The world's largest planemaker, burning cash as one of the worst crises in its history stretches into a sixth month, said the workers will assist with aircraft maintenance and customer delivery preparations at Grant County International Airport.
The hiring plans are the first publicly detailed steps Boeing will take as it works to deliver hundreds of grounded 737 MAX jets to airlines globally, an undertaking that would amount to one of the biggest logistical operations in modern civil aviation.
Chicago-based Boeing has been unable to deliver any 737 MAX aircraft since the single-aisle plane was grounded worldwide in March after two fatal crashes in Indonesia and Ethiopia killed 346 people, cutting off a key source of cash and hitting margins.
Global airlines have had to cancel thousands of flights and use spare aircraft to cover routes that were previously flown with the fuel-efficient MAX, eating into their profitability. Many carriers have taken the MAX off their schedules late into the fall or early 2020.

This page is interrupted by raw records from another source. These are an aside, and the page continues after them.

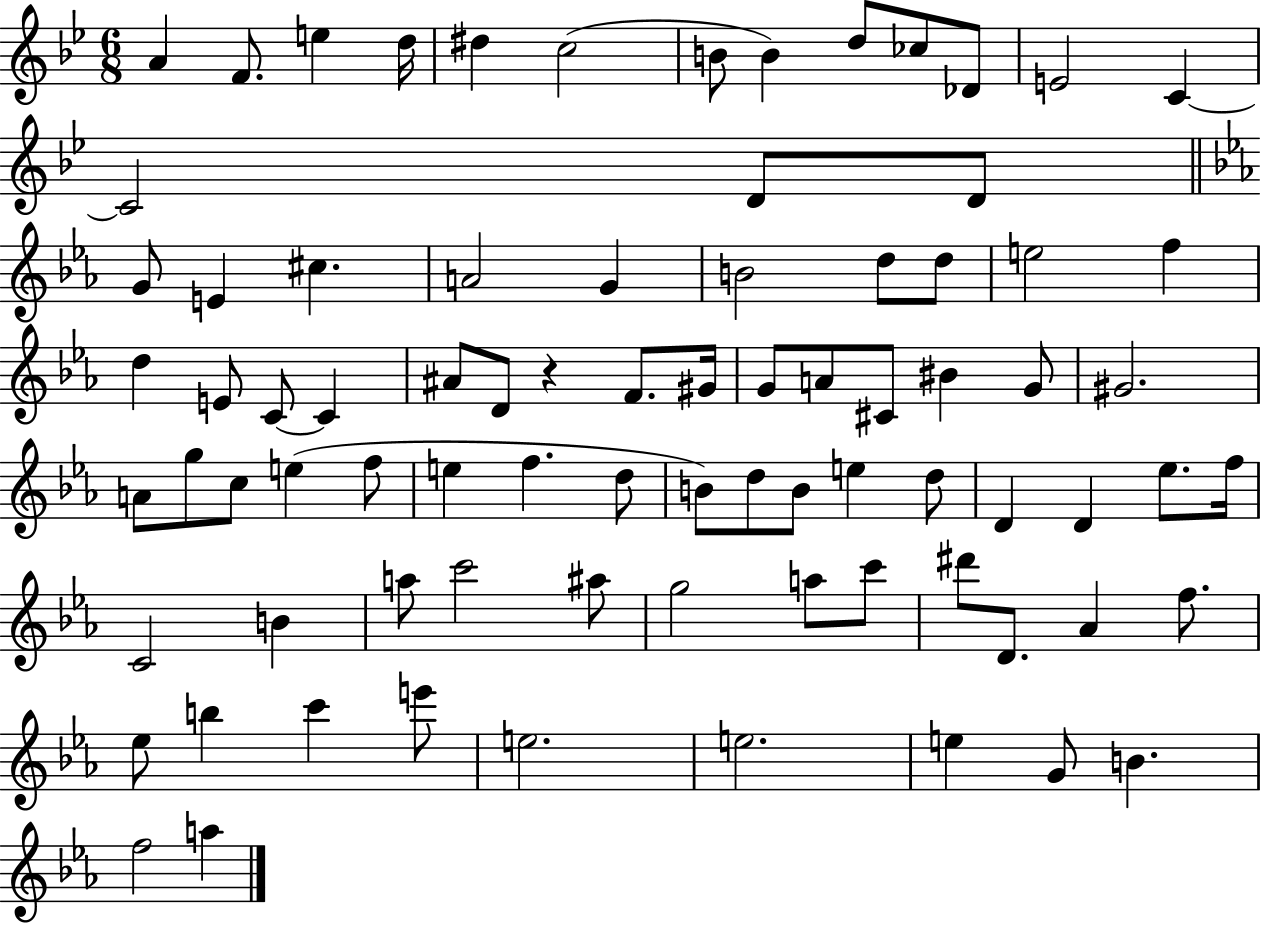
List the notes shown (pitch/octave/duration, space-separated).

A4/q F4/e. E5/q D5/s D#5/q C5/h B4/e B4/q D5/e CES5/e Db4/e E4/h C4/q C4/h D4/e D4/e G4/e E4/q C#5/q. A4/h G4/q B4/h D5/e D5/e E5/h F5/q D5/q E4/e C4/e C4/q A#4/e D4/e R/q F4/e. G#4/s G4/e A4/e C#4/e BIS4/q G4/e G#4/h. A4/e G5/e C5/e E5/q F5/e E5/q F5/q. D5/e B4/e D5/e B4/e E5/q D5/e D4/q D4/q Eb5/e. F5/s C4/h B4/q A5/e C6/h A#5/e G5/h A5/e C6/e D#6/e D4/e. Ab4/q F5/e. Eb5/e B5/q C6/q E6/e E5/h. E5/h. E5/q G4/e B4/q. F5/h A5/q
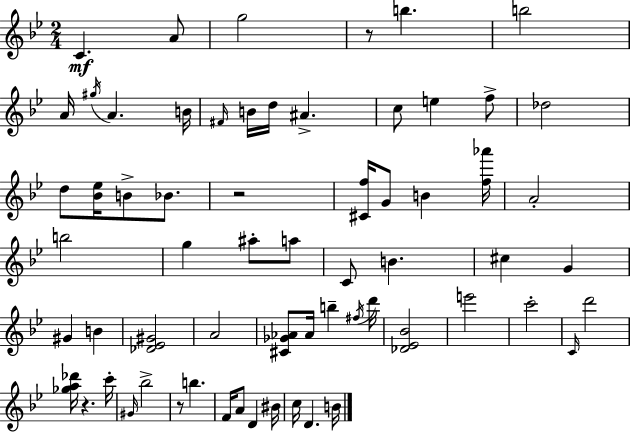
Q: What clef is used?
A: treble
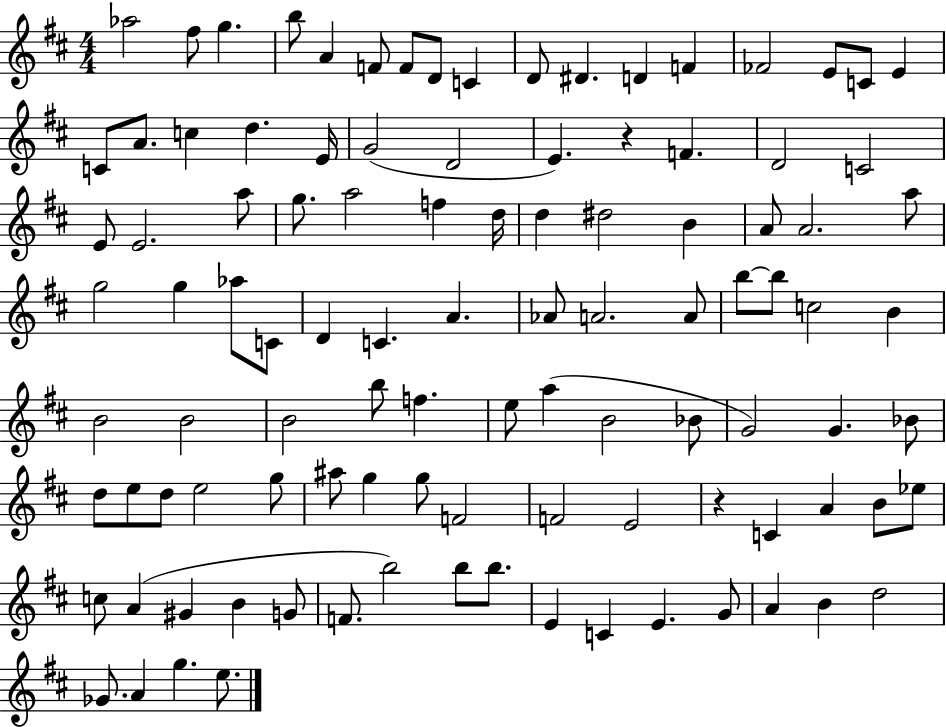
X:1
T:Untitled
M:4/4
L:1/4
K:D
_a2 ^f/2 g b/2 A F/2 F/2 D/2 C D/2 ^D D F _F2 E/2 C/2 E C/2 A/2 c d E/4 G2 D2 E z F D2 C2 E/2 E2 a/2 g/2 a2 f d/4 d ^d2 B A/2 A2 a/2 g2 g _a/2 C/2 D C A _A/2 A2 A/2 b/2 b/2 c2 B B2 B2 B2 b/2 f e/2 a B2 _B/2 G2 G _B/2 d/2 e/2 d/2 e2 g/2 ^a/2 g g/2 F2 F2 E2 z C A B/2 _e/2 c/2 A ^G B G/2 F/2 b2 b/2 b/2 E C E G/2 A B d2 _G/2 A g e/2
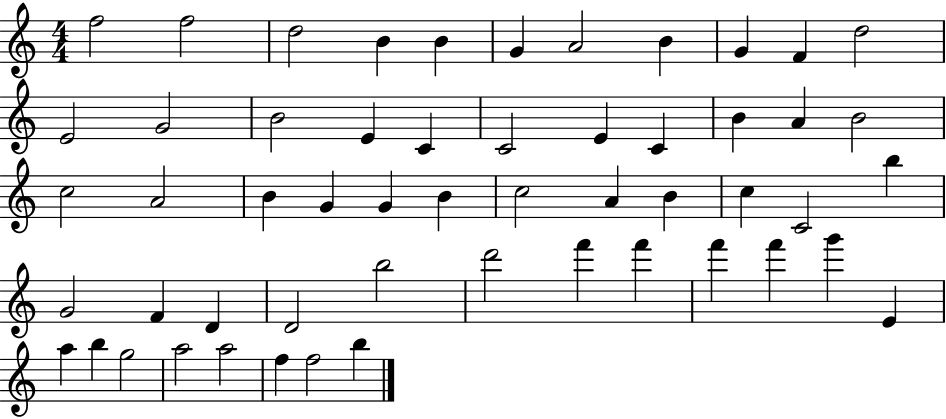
X:1
T:Untitled
M:4/4
L:1/4
K:C
f2 f2 d2 B B G A2 B G F d2 E2 G2 B2 E C C2 E C B A B2 c2 A2 B G G B c2 A B c C2 b G2 F D D2 b2 d'2 f' f' f' f' g' E a b g2 a2 a2 f f2 b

Boeing reiterated on Tuesday that it was working toward getting the 737 MAX flying again commercially in the "early fourth quarter" after it wins approval of reprogrammed software for the stall-prevention system at the center of both crashes.
In late July, U.S. Federal Aviation Administration Deputy Administrator Dan Elwell declined to be pinned down on Boeing's previously stated target of October for entry into service.

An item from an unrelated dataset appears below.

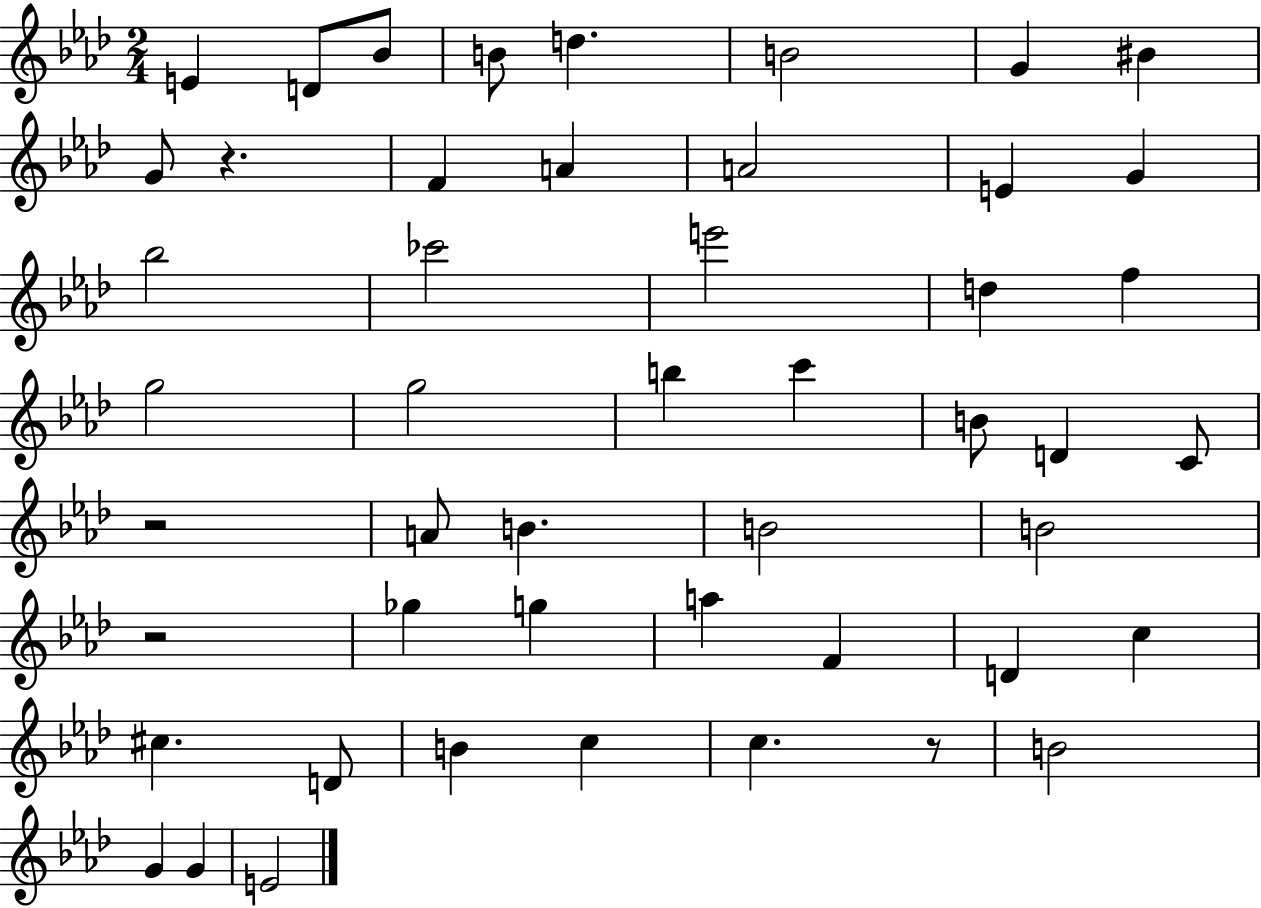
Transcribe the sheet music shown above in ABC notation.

"We don't have a timeline," Elwell said. "We have one criteria. When the 737 MAX has been - when the complications to it have been satisfactorily assessed, and the MAX is safe to return to service, that's the only criteria."
Boeing said it plans to move all the aircraft from Moses Lake, an eastern Washington location where it runs test flights, to facilities in the Seattle and Everett areas where its factories are located.
Hundreds of Boeing 737 MAX jets remain grounded worldwide, and Boeing has continued building the jets at a rate of 42 per month in the Seattle area. The U.S. planemaker is also storing freshly built aircraft outside its factories in Renton and Everett, around Seattle. It also has jets parked at a facility in San Antonio, Texas.
The total cost so far of the 737 MAX crisis is more than $8 billion, mainly due to compensation the planemaker will have to pay airlines for the delayed deliveries and lower production.